Hace unas semanas, llevé a mis estudiantes de Virginia Tech al centro de innovación de Booz Allen, una de las principales empresas de consultoría del mundo, clave en la prestación de servicios al gobierno estadounidense. Quizá les suene el nombre de Edward Snowden, el exanalista que trabajó en Booz Allen antes de filtrar información sobre los programas de vigilancia masiva de la Agencia de Seguridad Nacional (NSA). En esta visita, exploramos cómo la inteligencia artificial (IA) podría influir en áreas críticas como el cambio climático y la gobernanza. Además de subrayar la creciente importancia de la IA, analizamos los desafíos éticos que su adopción trae consigo, especialmente en estos sectores tan relevantes.

Este análisis es especialmente pertinente en el contexto de eventos como la Semana del Clima en Nueva York, donde se están debatiendo temas como la financiación climática y la reducción de emisiones de metano. Aquí, la IA desempeña un papel fundamental al identificar patrones en grandes volúmenes de datos, lo que mejora las soluciones de resiliencia climática. Esta tecnología tiene el potencial de permitir a científicos y responsables políticos tomar decisiones más precisas para mitigar los efectos del cambio climático, como sequías o temperaturas extremas.

Sin embargo, estos avances tecnológicos nos llevan a reflexionar sobre los riesgos éticos asociados, en particular los dread risks, aquellos de baja probabilidad pero de alto impacto. Un buen ejemplo es la energía nuclear: a pesar de su eficiencia, un accidente puede tener consecuencias catastróficas. Con la IA ocurre algo similar: su potencial impacto en áreas críticas como la gobernanza digital plantea serios interrogantes sobre cómo gestionamos estos riesgos. Un caso destacado es Estonia, que tiene una infraestructura digital avanzada pero enfrenta importantes amenazas cibernéticas, sobre todo de Rusia. En Brasil, el sistema de votación electrónica implementado en 1996 ha mejorado la transparencia al eliminar fraudes comunes en el voto en papel. Sin embargo, ambos países deben abordar los riesgos de la desinformación impulsada por la inteligencia artificial, que amenaza la confianza en las instituciones democráticas y la integridad electoral. La creciente popularidad de las herramientas de IA exige una regulación efectiva y medidas de protección para salvaguardar la democracia.

La IA también está transformando la relación entre gobiernos y ciudadanos en términos de gobernanza digital. Si bien la tecnología permite mejorar la eficiencia en la prestación de servicios públicos, los gobiernos enfrentan el desafío de garantizar el acceso equitativo a estos avances. A diferencia de las empresas, que buscan maximizar beneficios, los gobiernos deben implementar la IA de manera que no amplifique los sesgos existentes, sino que mejore el acceso justo a los servicios, independientemente del nivel de alfabetización digital o situación económica de los ciudadanos.
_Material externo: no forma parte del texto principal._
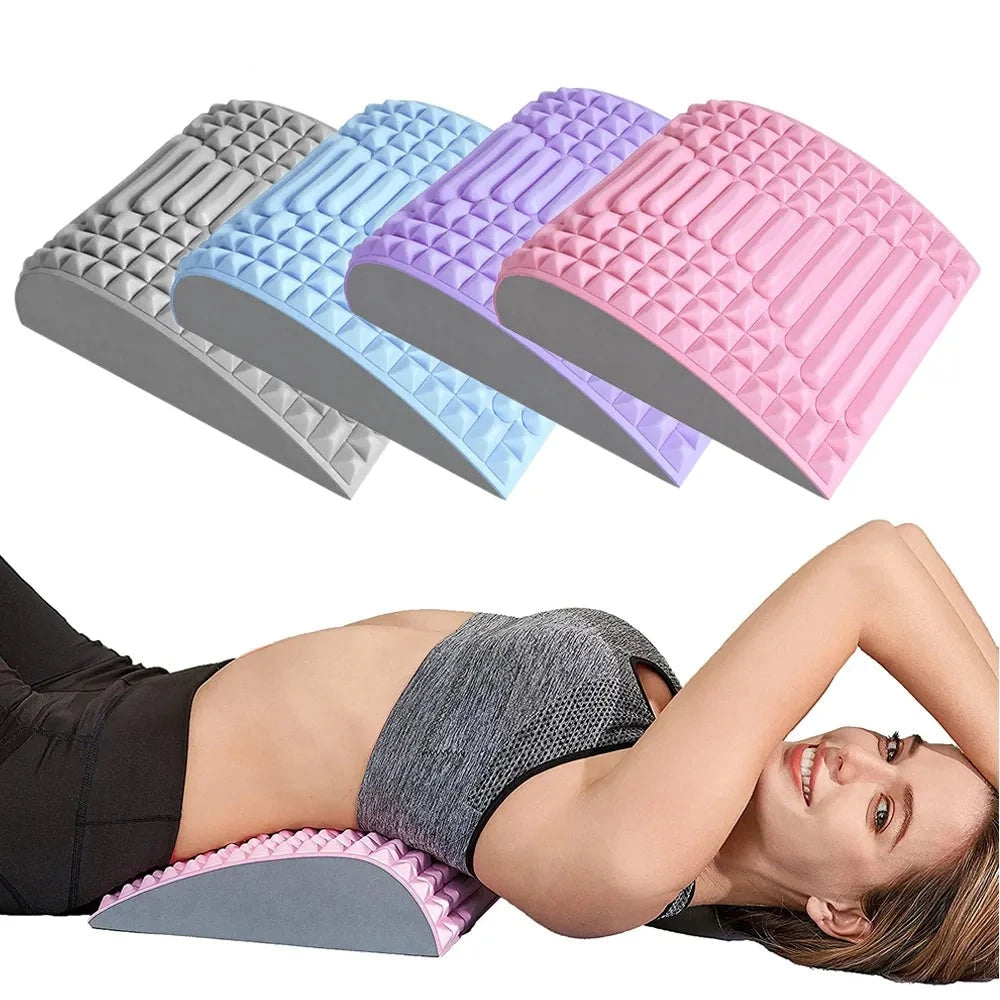 A woman lies on her back using a pink MQQWQQ Neck & Back Stretcher. Above her, four MQQWQQ Neck & Back Stretchers in varying colors—gray, blue, purple, and pink—are displayed to promote spine health and lower back pain relief.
Este reto cobra aún más relevancia en las democracias, donde la equidad y la transparencia son esenciales. Si se gestiona adecuadamente, la IA puede mejorar estos aspectos en los servicios públicos, pero si no se controlan los sesgos en los datos, podría perpetuar desigualdades. Es crucial diseñar sistemas de IA que no solo mejoren el acceso, sino que también fomenten la confianza en el gobierno, especialmente en un contexto donde la privacidad y la seguridad de los datos son preocupaciones crecientes.
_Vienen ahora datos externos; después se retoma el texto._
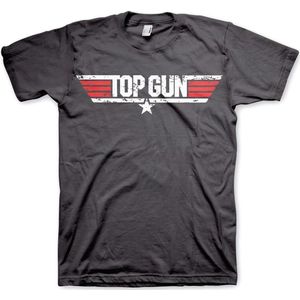 Top Gun Distressed Logo T-Shirt Dark-Grey-2XL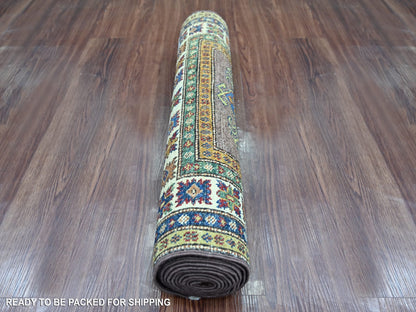 Brown 2'7" x 9'4" Tribal & Geometric Hand knotted Wool Rug - Sku: O021671
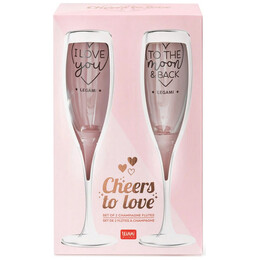 Σετ 2 Ποτήρια Σαμπάνιας Legami Glitter - Cheers To Love GLA0001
Aunque la IA tiene el potencial de transformar áreas clave como el clima y la gobernanza, es imperativo que estos avances tecnológicos se enmarquen dentro de estructuras éticas y de gobernanza sólidas. Solo así se podrán maximizar los beneficios de la IA mientras se gestionan sus riesgos de manera responsable, asegurando que no se comprometan la seguridad ni los valores democráticos.